Frequently asked questions
What is the formula for the area of a trapezoid?
The area of a trapezoid equals one half times the sum of the two parallel sides times the perpendicular height: A = (a + b) / 2 x h. The parallel sides are usually called the bases, often labelled a and b, and the height is the perpendicular distance between them, not the length of a slanted leg. In words, you average the two parallel sides and multiply by how far apart they are. The slanted legs do not enter the area formula at all.
Why does the trapezoid area formula use the average of the two bases?
A trapezoid can be split into a rectangle plus one or two triangles, and adding their areas simplifies to one half times (a + b) times the height. An easier way to see it: copy the trapezoid, flip the copy, and join it to the original to make a parallelogram whose base is a + b and whose height is h. That parallelogram has area (a + b) x h, and the trapezoid is exactly half of it, so its area is (a + b) / 2 x h, the average of the bases times the height.

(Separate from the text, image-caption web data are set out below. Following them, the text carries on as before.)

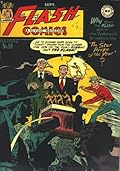 Flash Comics #99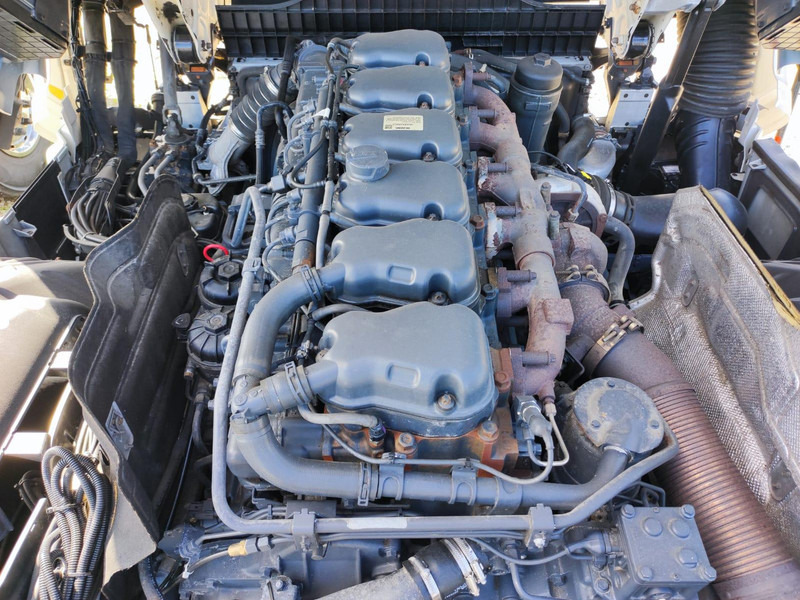 Scania DC13 155 L01 ENGINE - Двигатель для Грузовиков: фото 1 Scania DC13 155 L01 ENGINE - Двигатель для Грузовиков: фото 1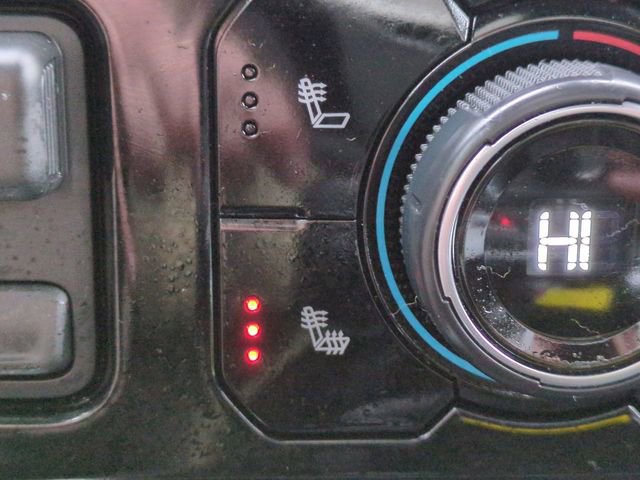 Used 2024 Chevrolet Silverado 1500 RST image 22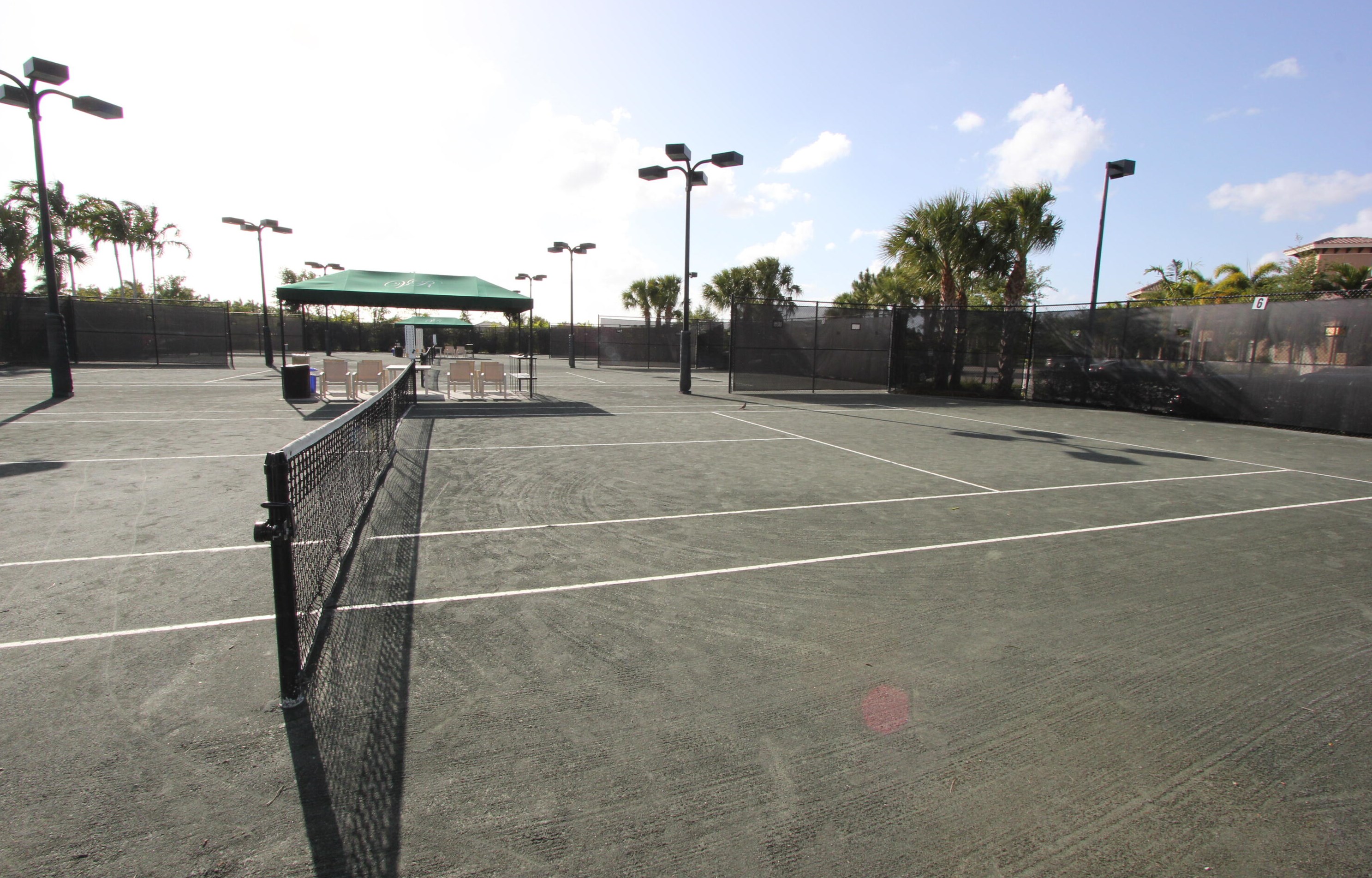 9809 Halston Mnr, Boynton Beach FL  33473-4977 exterior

What is the median or midline of a trapezoid?
The median, also called the midsegment or midline, is the segment connecting the midpoints of the two non-parallel legs. Its length equals the average of the two parallel sides, (a + b) / 2, which is the same quantity used in the area formula. So the area can also be written as median x height. Because the median is the average of the bases, it always sits exactly halfway between them in length.
Do I need the slanted side lengths to find the area?
No. The area depends only on the two parallel sides and the perpendicular height. The lengths of the slanted legs (c and d) are needed for the perimeter and for angles, but not for the area. A common mistake is to plug a slanted side in where the height belongs; the height must be measured straight across, perpendicular to both parallel sides, otherwise the area comes out too large.
What is an isosceles trapezoid?
An isosceles trapezoid is one whose two non-parallel legs are equal in length, which makes it symmetric about a vertical axis. In that case the base angles are equal and the diagonals are equal too. The area formula is identical, one half times (a + b) times height, because area never depends on the legs. Isosceles trapezoids appear often in roofing, bridges, and furniture design because their symmetry simplifies construction.